We both completely fell in love with Cornwall and can't wait to go again. Although I doubt we'll go anytime soon. It is a painfully long drive, so not worth popping over for just a quick visit.

We left on Friday after midday. If it was just me, I would have got up at 7am and started at 8am, arrived in the afternoon and had time to look around a little bit. But this is not the way to start a holiday with morning grumpy husband, I have learned. So I let him sleep and do his lengthy morning routine at his own pace. I didn't rush him once, even if it nearly killed me. I didn't say for instance "you could have packed last night, like I suggested". 

I made us breakfast and when I said at around midday that breakfast was ready he told me to stop rushing him. Maybe he reads my mind (or face) because I really hadn't said anything rushy. We left the house a little before 1pm. I had filled the tank the day before because husband has an annoying habit of trying to get as far as possible before filling up. "It won't finish just like that" he says when we've driven 50 miles with the fuel light on. To his credit I don't think he ever has run out of fuel.

The drive was pretty uneventful. Husband had a McDonalds on the way and we got stuck in quite a bit of traffic and saw lots of lambs and windmills. We arrived at Mill House Inn near Tintagel at around 7pm. It was raining so we just checked in and had a lovely dinner in the hotel restaurant.

The Mill House Hotel in Trebarwith, Tintagel


My grilled garden, it was nice but I regretted slightly not going for the fish and chips. But generous husband let me have some of his.

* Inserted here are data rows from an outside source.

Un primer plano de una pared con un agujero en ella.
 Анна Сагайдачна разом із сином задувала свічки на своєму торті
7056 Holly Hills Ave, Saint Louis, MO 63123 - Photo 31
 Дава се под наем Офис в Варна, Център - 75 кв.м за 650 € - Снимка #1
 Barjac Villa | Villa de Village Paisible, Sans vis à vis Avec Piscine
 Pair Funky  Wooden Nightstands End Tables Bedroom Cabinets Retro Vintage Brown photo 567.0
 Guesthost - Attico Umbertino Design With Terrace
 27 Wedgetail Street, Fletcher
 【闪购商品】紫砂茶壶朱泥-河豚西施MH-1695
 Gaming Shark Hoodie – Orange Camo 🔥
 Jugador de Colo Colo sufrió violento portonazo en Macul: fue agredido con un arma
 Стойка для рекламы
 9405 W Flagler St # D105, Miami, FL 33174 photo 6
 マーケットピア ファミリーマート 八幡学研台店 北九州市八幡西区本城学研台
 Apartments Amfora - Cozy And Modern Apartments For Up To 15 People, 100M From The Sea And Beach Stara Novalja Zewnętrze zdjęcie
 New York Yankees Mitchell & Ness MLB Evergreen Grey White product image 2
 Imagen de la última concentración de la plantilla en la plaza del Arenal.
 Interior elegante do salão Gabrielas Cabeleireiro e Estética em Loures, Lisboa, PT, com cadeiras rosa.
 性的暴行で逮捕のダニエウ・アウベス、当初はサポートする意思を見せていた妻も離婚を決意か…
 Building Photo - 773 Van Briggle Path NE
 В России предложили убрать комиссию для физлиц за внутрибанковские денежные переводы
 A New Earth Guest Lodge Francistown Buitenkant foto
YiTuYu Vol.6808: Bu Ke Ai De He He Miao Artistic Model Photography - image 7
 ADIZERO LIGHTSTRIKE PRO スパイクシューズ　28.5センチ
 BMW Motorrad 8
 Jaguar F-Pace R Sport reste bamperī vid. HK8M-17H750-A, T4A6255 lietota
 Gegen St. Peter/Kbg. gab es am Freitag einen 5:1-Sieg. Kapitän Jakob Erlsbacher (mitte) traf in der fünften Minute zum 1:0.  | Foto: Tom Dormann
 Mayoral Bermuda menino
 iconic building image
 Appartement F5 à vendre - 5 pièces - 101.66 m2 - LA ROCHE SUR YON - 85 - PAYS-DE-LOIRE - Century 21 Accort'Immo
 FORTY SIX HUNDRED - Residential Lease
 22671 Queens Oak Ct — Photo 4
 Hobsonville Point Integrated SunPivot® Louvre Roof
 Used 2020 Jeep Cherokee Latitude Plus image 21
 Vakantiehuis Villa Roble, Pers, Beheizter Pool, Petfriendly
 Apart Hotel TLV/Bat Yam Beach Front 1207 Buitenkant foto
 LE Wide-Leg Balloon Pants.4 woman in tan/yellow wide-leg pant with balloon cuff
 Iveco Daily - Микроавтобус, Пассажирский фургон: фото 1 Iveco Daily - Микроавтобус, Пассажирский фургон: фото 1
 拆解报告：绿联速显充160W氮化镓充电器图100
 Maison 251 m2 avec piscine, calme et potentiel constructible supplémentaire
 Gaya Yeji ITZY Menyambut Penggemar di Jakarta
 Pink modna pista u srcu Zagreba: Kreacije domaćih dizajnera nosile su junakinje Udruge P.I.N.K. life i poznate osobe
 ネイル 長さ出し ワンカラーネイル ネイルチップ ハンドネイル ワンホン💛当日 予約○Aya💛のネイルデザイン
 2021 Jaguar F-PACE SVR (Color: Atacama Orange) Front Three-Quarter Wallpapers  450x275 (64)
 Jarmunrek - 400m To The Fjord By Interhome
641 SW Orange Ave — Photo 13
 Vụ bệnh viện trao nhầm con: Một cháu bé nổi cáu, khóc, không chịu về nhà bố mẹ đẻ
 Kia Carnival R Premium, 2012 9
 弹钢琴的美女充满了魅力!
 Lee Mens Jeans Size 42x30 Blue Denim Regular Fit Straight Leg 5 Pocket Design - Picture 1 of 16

The next day didn't really start very promisingly, husband hadn't slept very well so decided to trade breakfast to a bit of extra snooze time. I love breakfast, so I went, took some fruit and yogurt for husband, had a little walk around the hotel and sat out in the morning sun reading my kindle-book, giving husband a chance to sleep until checkout time.

It used to be a working mill, there is a little stream running past the building. 


My full veggie English


Leaving the hotel we made a wrong turn in the first crossing. Of course there was no mobile signal so we couldn't really navigate, and the roads are really narrow, which I hate. If you come across another car one of you has to reverse to a passing point. I was already thinking that this will be an absolute disaster, when we actually arrived on a lovely looking beach area. We had time before our booked entry time to the English Heritage site we were going to visit so we parked the car and walked to the beach to have a look. There was even a friendly black labrador who got all concerned when I tried to climb a rock and wanted to give me a helping paw. Aww. And best of all we even found a little cafe and got a cup of tea for husband. That's always a guaranteed way to boost his mood. 

Trebarwith beach

We found our way to the pretty Tintagel village, where we got husband a croissant and walked towards Tintagel castle. There is not much of the castle left, some ruins, but it's an amazing place to see. The legend says Kind Arthur was born there. And it is a spot of majestic natural beauty. 

I have a mild case of fear of heights, which makes me treat husband like a 3-year old. "Stay away from the ledge." "Come here this instant." "If you don't come here this instant we will not go on a holiday again." And that of course makes husband behave like a 3-year old, climb everywhere and completely ignore me. Anyway, I managed to pretend calmness most of the time and it was a great afternoon. We spent a couple of hours there exploring the ruins and remains on top of the hill and making our way all the way down to the beach and the caves, one of them called Merlin's cave. 

I


The bridge through which you enter the island really is quite high up.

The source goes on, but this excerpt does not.